Mechanism and Generality of Stimulus Significance Coding in a Mammalian Model System

  • Michael Gabriel
  • Edward Orona
  • Kent Foster
  • Richard W. Lambert
Part of the Advances in Behavioral Biology book series (ABBI, volume 26)


Electrolytic lesions of the anteroventral (AV) nucleus of the thalamus impaired significantly retention performance of rabbits in a discriminative avoidance task. In addition the lesions abolished the excitatory, discriminative neuronal discharges which had developed in the cingulate cortex during the course of behavioral acquisition, prior to the induction of the lesions. These results are discussed in relation to a model of cingulate cortical and anterior thalamic functioning, derived from past studies.
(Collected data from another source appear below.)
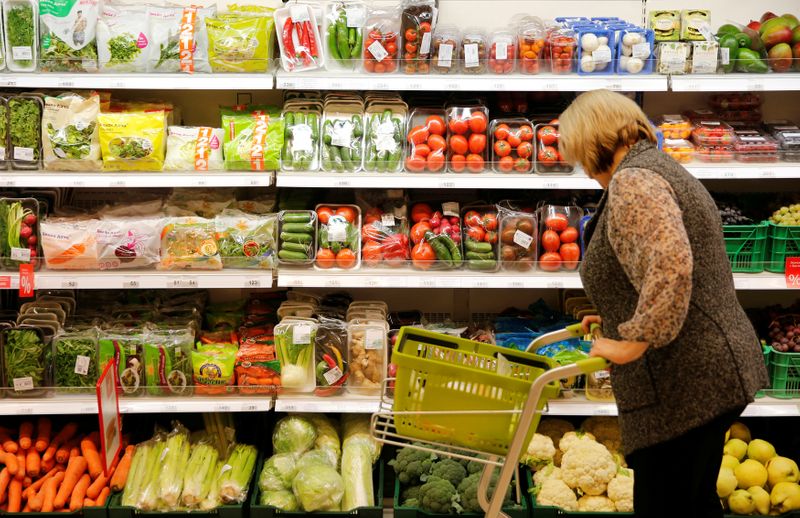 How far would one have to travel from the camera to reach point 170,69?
3518 mm

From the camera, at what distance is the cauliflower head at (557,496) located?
11.0ft

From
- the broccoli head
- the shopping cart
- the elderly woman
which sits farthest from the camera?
the broccoli head

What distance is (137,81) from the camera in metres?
3.45

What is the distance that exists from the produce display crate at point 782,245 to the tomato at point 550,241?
90 cm

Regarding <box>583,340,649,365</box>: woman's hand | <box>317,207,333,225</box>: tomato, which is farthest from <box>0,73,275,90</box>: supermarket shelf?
<box>583,340,649,365</box>: woman's hand

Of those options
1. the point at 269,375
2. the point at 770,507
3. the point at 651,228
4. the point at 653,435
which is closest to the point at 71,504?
the point at 269,375

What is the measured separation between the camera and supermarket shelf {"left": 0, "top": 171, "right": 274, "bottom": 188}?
3.48 metres

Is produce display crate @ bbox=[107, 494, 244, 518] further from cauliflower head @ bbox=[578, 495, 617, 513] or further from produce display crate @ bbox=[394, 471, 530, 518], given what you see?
cauliflower head @ bbox=[578, 495, 617, 513]

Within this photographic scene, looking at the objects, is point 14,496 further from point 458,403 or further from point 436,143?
point 436,143

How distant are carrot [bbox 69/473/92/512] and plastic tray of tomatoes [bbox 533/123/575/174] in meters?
2.25

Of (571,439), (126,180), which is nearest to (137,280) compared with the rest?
(126,180)

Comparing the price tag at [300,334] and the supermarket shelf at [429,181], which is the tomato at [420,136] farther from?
the price tag at [300,334]

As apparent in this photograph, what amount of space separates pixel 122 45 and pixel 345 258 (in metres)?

Two additional studies are presented, which had the objective of determining whether the neuronal encoding processes previously observed in the cingulate cortex and in the AV nucleus occur as well in other linked cortical and thalamic systems (the prefrontal cortex and mediodorsal nucleus of thalamus, and the auditory cortex and medial geniculate nucleus of thalamus). The overall pattern of results suggested a sequential involvement of these major brain systems in associative processes during the course of behavioral acquisition. Certain components of the systems studied (e.g., the ventral division of the medial geniculate nucleus and the medial division of the mediodorsal nucleus) did not manifest neuronal encoding processes related to the discriminative task.


Auditory Cortex Consecutive Period Neuronal Discharge Medial Geniculate Body Superficial Lamina 
These keywords were added by machine and not by the authors. This process is experimental and the keywords may be updated as the learning algorithm improves.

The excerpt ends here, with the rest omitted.